Dessa forma, a distinção entre os termos fica mais clara quando se resgata a dimensão tácita do conhecimento. Para POLANYI (1966), o conhecimento subjacente ao conhecimento explícito é mais fundamental; todo conhecimento é tácito ou tem raízes no conhecimento tácito. E, portanto, o conhecimento não é privado ou subjetivo e, embora pessoal, ele é construído também de forma social.

SVEIBY (1998) apropria das contribuições de POLANYI (1966) e apresenta as quatro características do conhecimento: 1) o conhecimento é tácito, 2) o conhecimento é orientado para a ação – estamos constantemente gerando novos conhecimentos por meio da análise das impressões sensoriais que recebemos; 3) o

conhecimento é sustentado por regras – existem regras também para processar o conhecimento de forma consciente ou inconsciente; e 4) o conhecimento está em constante mutação.

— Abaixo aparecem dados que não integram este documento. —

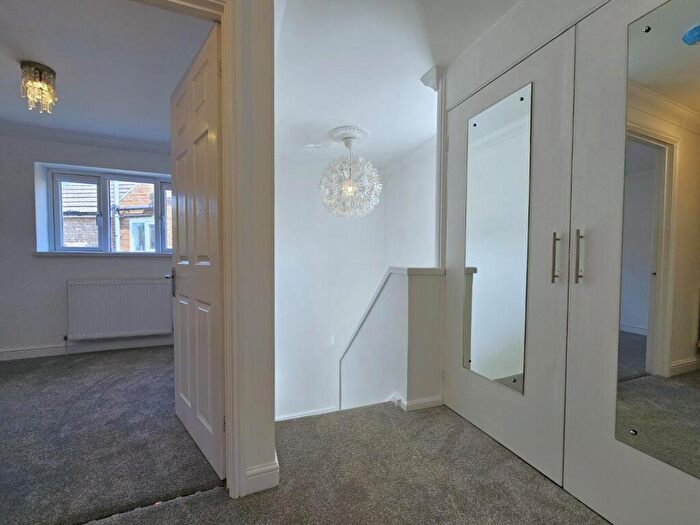 5 Bedroom Semi-Detached House To Rent In St Peters Gardens, Weston Favell, Northampton, NN3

Da mesma forma, DAVENPORT & PRUSAK (1998) também descrevem sobre a natureza tácita do conhecimento ao afirmar que:

conhecimento é uma mistura fluida de experiência condensada, valores, informação contextual e insight experimentado, a qual proporciona uma estrutura para avaliação e incorporação de novas experiências e informação. Este tem origem e é aplicado na mente dos conhecedores. Nas organizações, ele costuma estar embutido não só em documentos ou repositórios, mas também em rotinas, processos, práticas e normas organizacionais (DAVENPORT & PRUSAK, 1998, p.6).

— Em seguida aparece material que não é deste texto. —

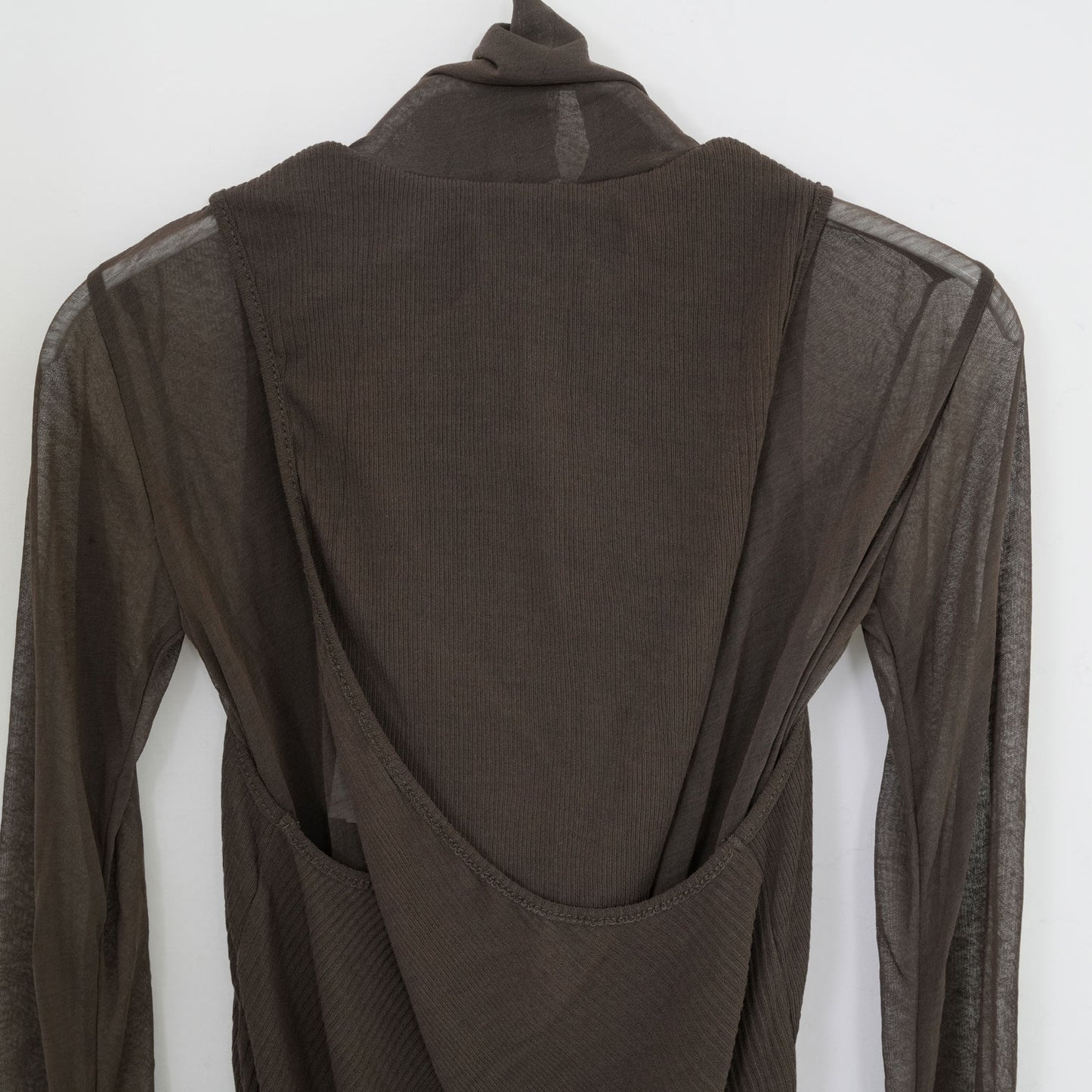 
                  
                    SHEER TWIST BACK TOP-T.MORO-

No entanto, ainda ressaltam que não se tem a intenção de simplificar o debate teórico, mesmo porque “os espistemólogos passam a vida tentando entender o que significa conhecer”. A complexidade do conhecimento humano inviabiliza qualquer tentativa de explicação a partir de uma linha teórica isolada. MORIN (1999) defende que o conhecimento pode ser investigado sob diversas perspectivas porque envolve subsistemas culturais, sociais e psicológicos, além do biológico. “O conhecimento é, portanto, um fenômeno multidimensional, de maneira inseparável, simultaneamente físico, biológico, cerebral, mental, psicológico, cultural, social” (MORIN, 1999, p. 18).

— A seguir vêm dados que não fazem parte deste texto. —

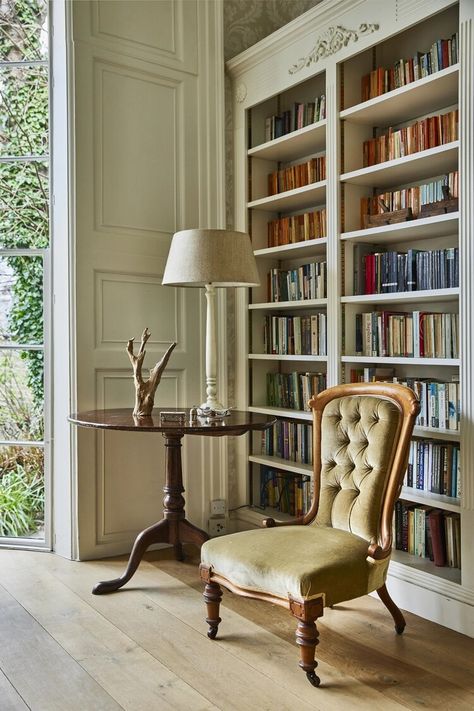 An Elegant 18th-Century House With Its Own Ballroom 5 Georgian Decor, Bridgerton House, 18th Century Home, Georgian Farmhouse, Georgian Houses, Flat Renovation, British Houses, 18th Century House, Style Shelves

Portanto, adota-se como recorte nesse estudo uma visão pragmática do que pode ser chamado de conhecimento organizacional ou inter-organizacional que posso ser segmentado em dois tipos básicos de conhecimento: 1) conhecimento explícito entendido como informação (tangível), ou seja, relacionado aos registros, documentos, à materialidade de algum tipo de suporte como papel, disquete, fitas magnéticas, cd-rom, redes eletrônicas, dentre outros. E o conhecimento tácito relacionado ao fazer humano, ou seja, à habilidade, a experiência, os valores, as redes sociais dentre outros.